La posizione della Spagna non nasce oggi. Dalla decisione di riconoscere lo Stato palestinese, presa insieme a Irlanda e Norvegia, Madrid ha scelto di collocarsi sul fronte di un’Europa che tenta di recuperare un ruolo etico e diplomatico nel Mediterraneo. A Sharm el-Sheikh, Sánchez ha trasformato quella scelta in un atto politico, rivendicandone il valore concreto. Ha posto le basi di un consenso oggi riconosciuto da gran parte dell’Europa e delle Nazioni Unite.

Nel silenzio o nell’ambiguità di molte cancellerie europee, la voce di Sánchez si è levata chiara, riportando nel dibattito internazionale una parola ormai rara: responsabilità.
La coerenza della linea spagnola si riflette anche nella conferma dell’embargo sulle armi verso Israele. “Il divieto di esportazioni da e per Israele resta in vigore”, ha ribadito, ricordando che nessuna pace può essere costruita mentre si alimentano i circuiti dell’industria bellica.

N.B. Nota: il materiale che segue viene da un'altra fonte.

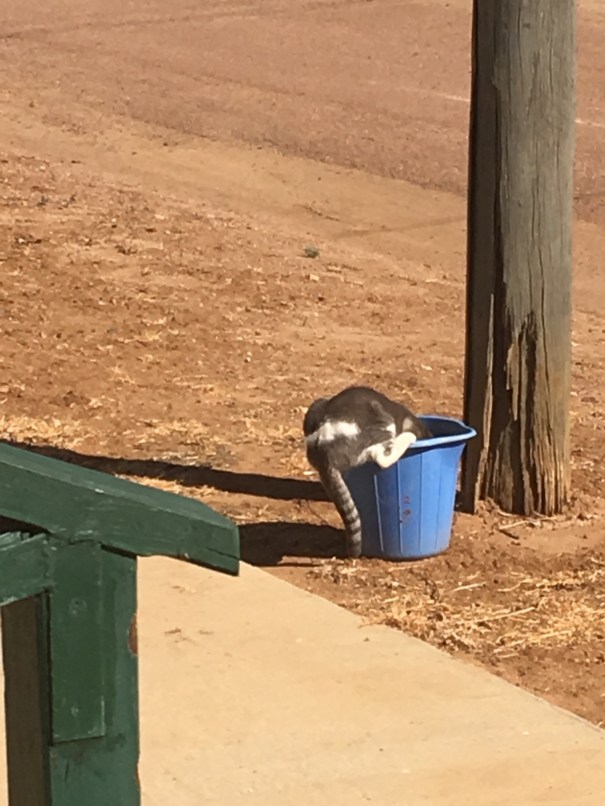The pub cat at the Yaraka Hotel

È una differenza sostanziale, che segna la distanza tra la diplomazia dell’attesa e quella del coraggio.
Nel suo intervento, Sánchez ha articolato tre priorità che la comunità internazionale deve affrontare con urgenza: garantire l’ingresso massiccio di aiuti umanitari a Gaza; consolidare le condizioni di sicurezza per evitare nuove escalation; e soprattutto avviare un percorso reale verso la soluzione dei due Stati, con “passi concreti e irreversibili” per la creazione di uno Stato palestinese credibile e vitale accanto a uno Stato d’Israele sicuro e riconosciuto.

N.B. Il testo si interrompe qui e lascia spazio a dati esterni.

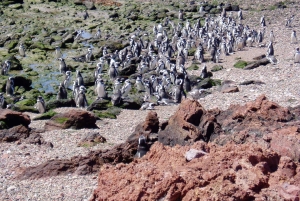 Punta Tombo + Rawson + Isla Escondida a partir de P. Madryn ou Trelew
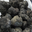 Truffes de la Montagne Noire.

Emerge una visione politica chiara. La Spagna vuole partecipare alla ricostruzione di Gaza e a una possibile missione di mantenimento della pace, “nel rispetto del diritto internazionale e con convinzione morale”. È una prospettiva che riporta la Spagna nel Mediterraneo come soggetto politico attivo, non subalterno.

Sánchez ha così delineato un modello di politica estera che non si limita a seguire le linee guida di Bruxelles, ma le interpreta criticamente. Una leadership che restituisce all’Europa mediterranea un ruolo di coscienza morale, troppo spesso sacrificato sull’altare della prudenza geopolitica.
Significativa anche la sottolineatura del ruolo dell’Autorità Palestinese, la cui presenza al vertice, ha detto Sánchez, è stata “riconosciuta da tutti, inclusi gli Stati Uniti, come elemento legittimante”. Un dettaglio che indica la volontà di rilanciare un interlocutore politico in grado di rappresentare il popolo palestinese al di fuori delle logiche militari di Hamas.

Dietro le parole di Sánchez si intravede la costruzione di una diplomazia mediterranea che non abdica alla memoria. “Una cosa è la pace, un’altra è l’impunità”, ha insistito. In quella distinzione si gioca oggi il futuro della credibilità europea. Mentre molti governi scelgono il silenzio per non disturbare gli equilibri globali, la Spagna sceglie la responsabilità politica di chiamare le cose con il loro nome.
Con le sue parole e le sue scelte, Pedro Sánchez ha riportato la Spagna al centro della scena internazionale. E in un’Europa spesso esitante, è forse questa la forma più alta di leadership.